18 Prozent denken, dass Haiti vor allem ein ‚gespaltenes Land' mit gegensätzlichen und unversöhnlichen politischen Lagern ist. Die unseligen und unaufhörlichen politischen Konflikte täuschen sicherlich darüber hinweg, dass die haitianische Bevölkerung dasselbe Demokratieideal teilt. Man findet sogar selten ein Land, in dem eine so massive Einigkeit herrscht, dass es zu 70 Prozent für dieselbe Option stimmen kann. Aber es gibt eine blockierende Minderheit ... Ein gespaltenes Land? Ja, aber zwischen den Herren, die weniger als 5 Prozent ausmachen, und den über 95 Prozent Sklaven wie in Saint Domingue ... Die Demokratie und die Modernisierung können in Gang kommen, wenn...

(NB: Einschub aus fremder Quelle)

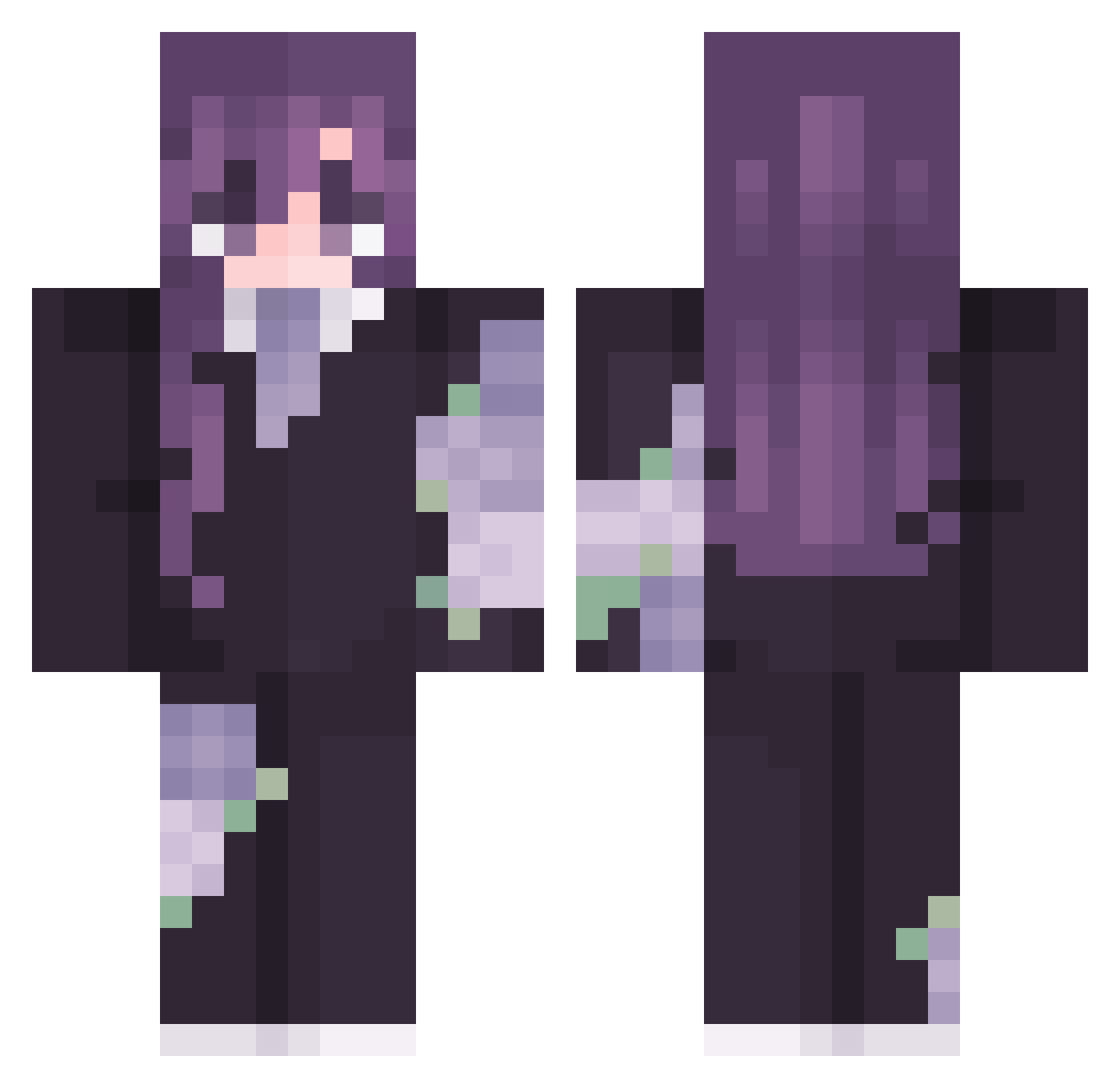 Sun_Hae Minecraft skin, front and back view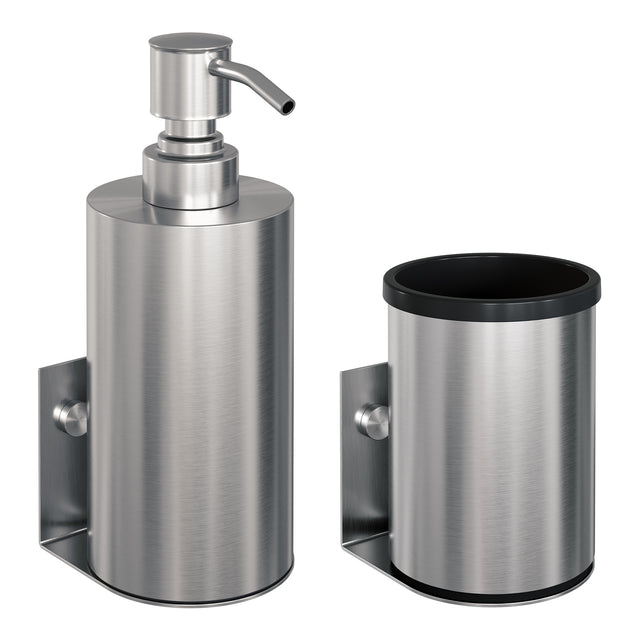 BRAUER Zeepdispenser en beker model A incl. wand ophanging en magnetisch opzetvlak RVS geborsteld AE-ZDANG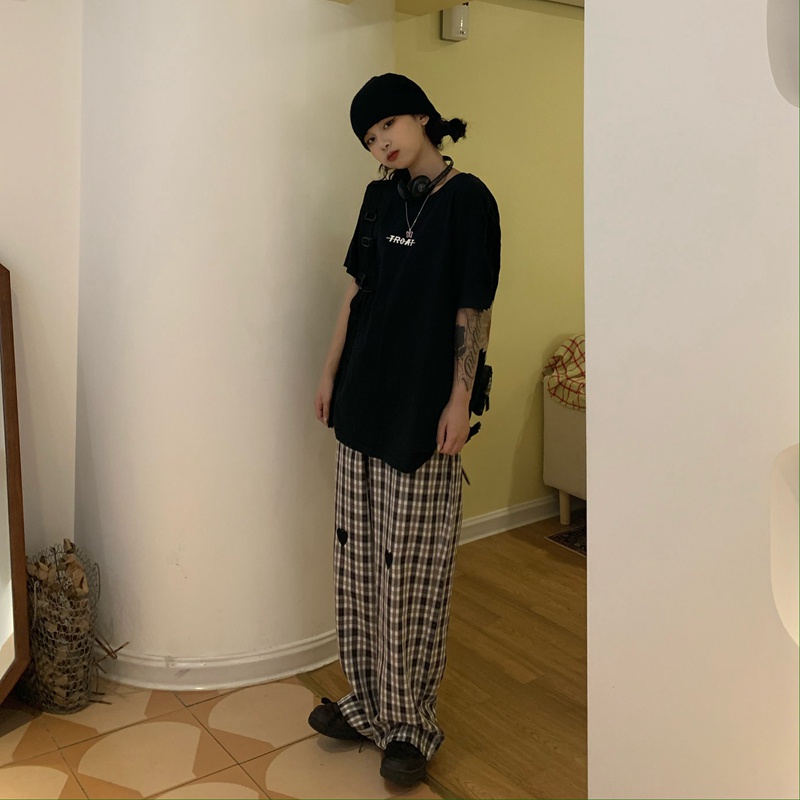 Quần ống rộng Sọc Caro 3 Màu Sắc Thời Trang Cao Cấp Cho Nữ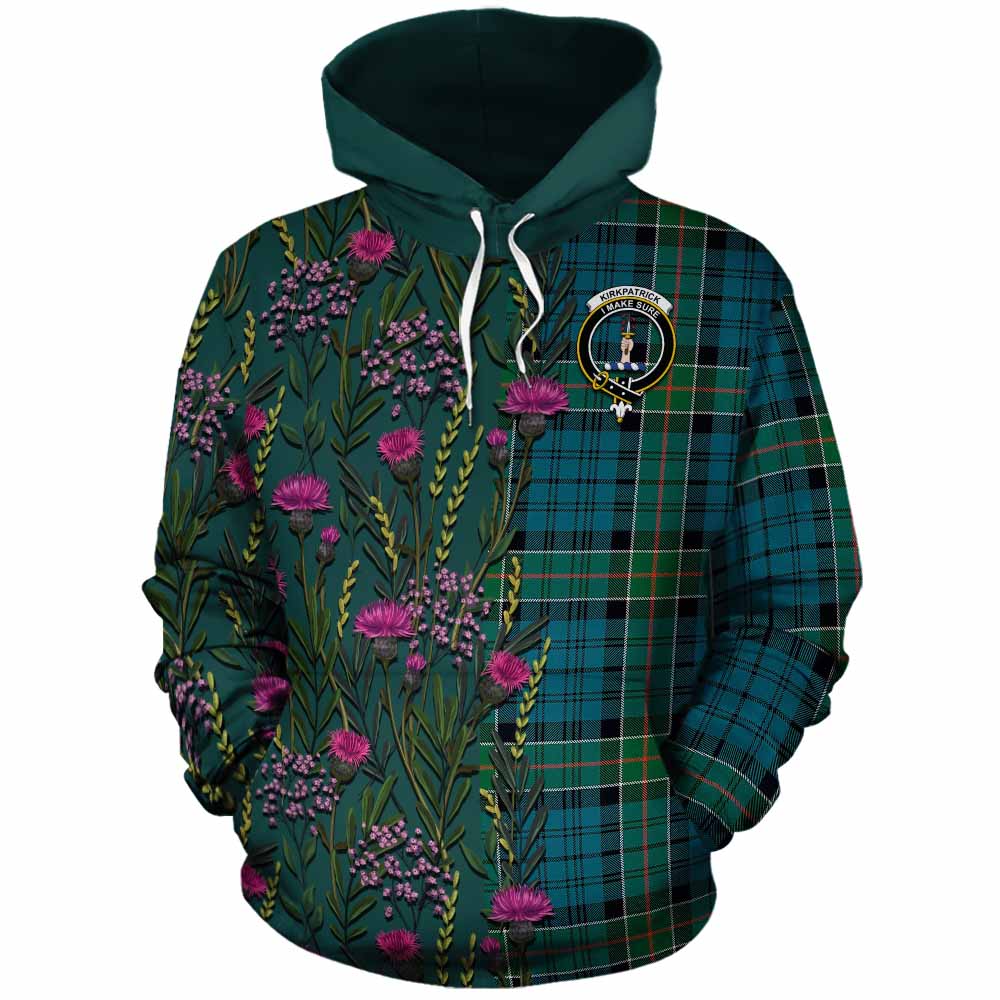 Kirkpatrick Family Crest Tartan Cotton Hoodie Scottish Thistle Flower Pattern Half Style - Tartan Vibes Clothing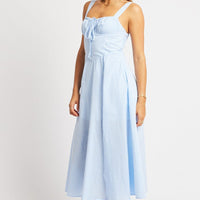 Blue Check Midi Dress Gathered Bust
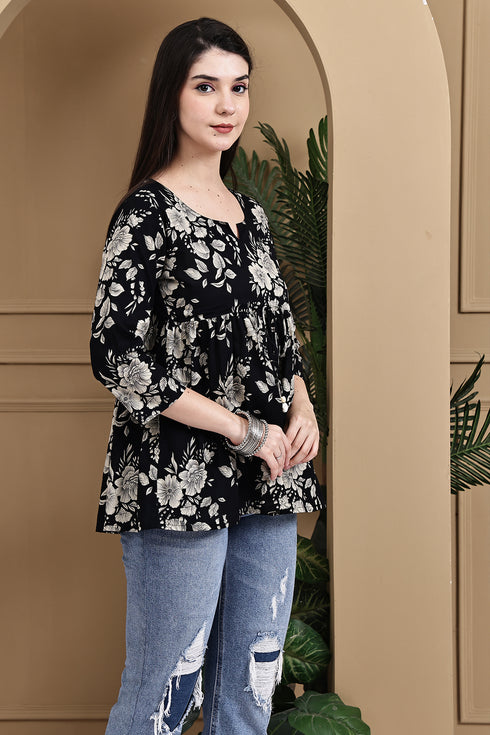 Noir Petal Ensemble Cotton Jaipuri Printed Short Top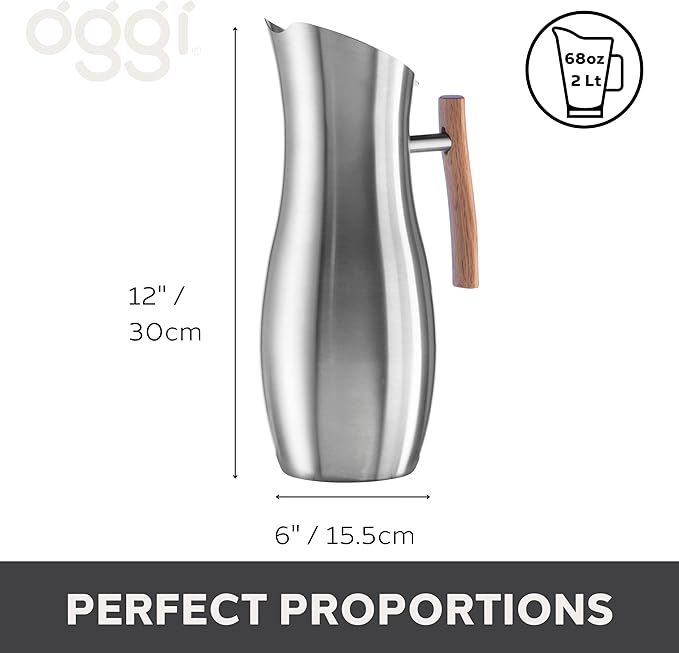 OGGI Slimline Stainless Steel Pitcher- Stainless Steel Water w/Ice Guard, Water Carafe, Great Metal Container for Entertaining, Ideal 68oz / 2 Lt Drink Pitcher - Image 6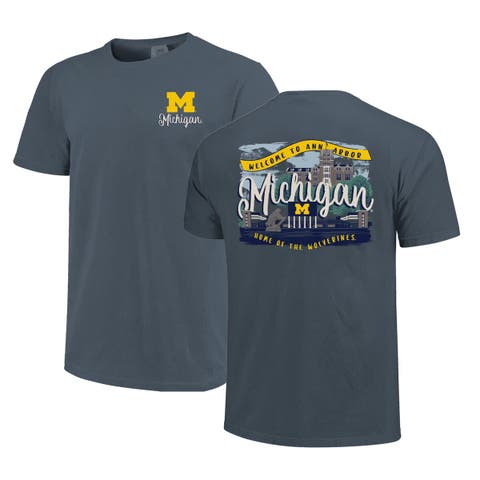Women's Navy Michigan Wolverines Comfort Colors Campus Scene Drawing Script T-Shirt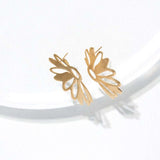 Ink and Alloy HALF FLOWER CUT OUT POST EARRINGS Brass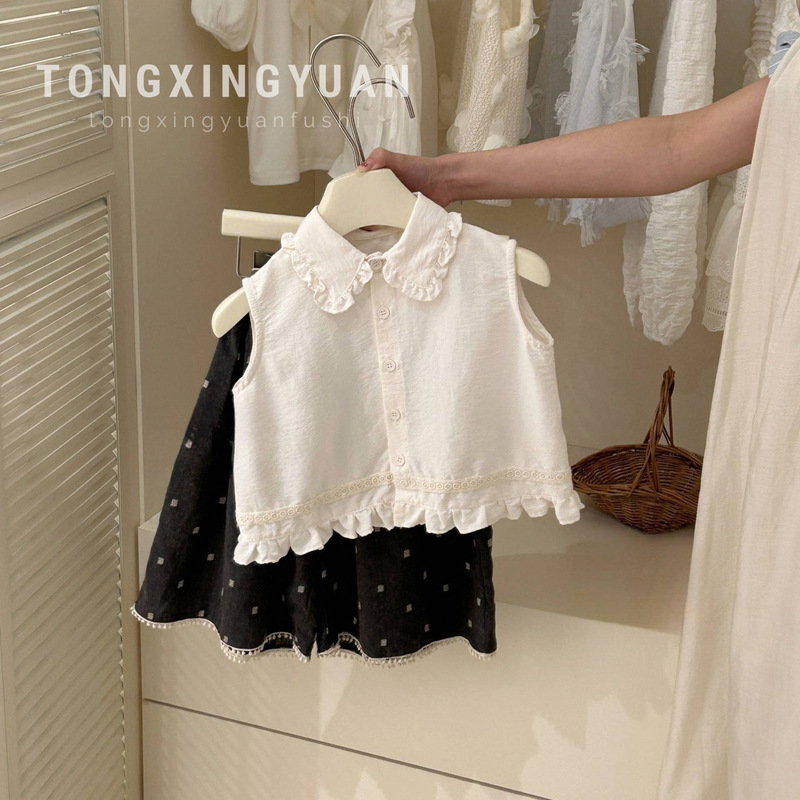 [Two-piece] Girls' Summer Vest suit New Sleeveless Shirt Top Baby Korean-style Wide-leg Pants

Für 14 Prozent der Antwortgeber ist Haiti ein „zerfallenes Land“, ein Land ohne gesunden Menschenverstand. Der Eindruck ist geprägt von vier Millionen zerstreut lebender Bauern, von Dörfern ohne Ordnung, von einer Hauptstadt, in der zwei Millionen Slumbewohner sich aufs Geratewohl irgendwo ansiedeln. Verwilderte Anbauflächen und folkloristische Märkte, heißt es... Die drei Seiten besagten, dass sich hinter dieser Sicht nur die Unfähigkeit verbirgt, die Ordnungen, die in der Armut existieren, die Logik, die ihnen zugrunde liegt, und ihr Potential für den Neuanfang und den Aufschwung zu beschreiben ... Ein zerfallenes Land? Sicherlich, aber nicht chaotisch und erst recht nicht anarchisch. Ein Land, das noch Erstaunen erregen wird, wenn ...“ (Auslassungszeichen und Absätze im Original).

Eine Stimme, die solche Sätze formuliert und all jenen entgegenschleudert, die erklären, die HaitianerInnen seien ja nicht fähig, sich selbst zu regieren, das Land müsse ein Protektorat mit fortgesetzter internationaler Militärbesatzung werden, braucht Haiti heute mehr denn je. Georges Anglades Stimme ist für immer verstummt, uns bleiben seine Geschichten über das Lachen Haitis, das hoffentlich niemals verstummen wird.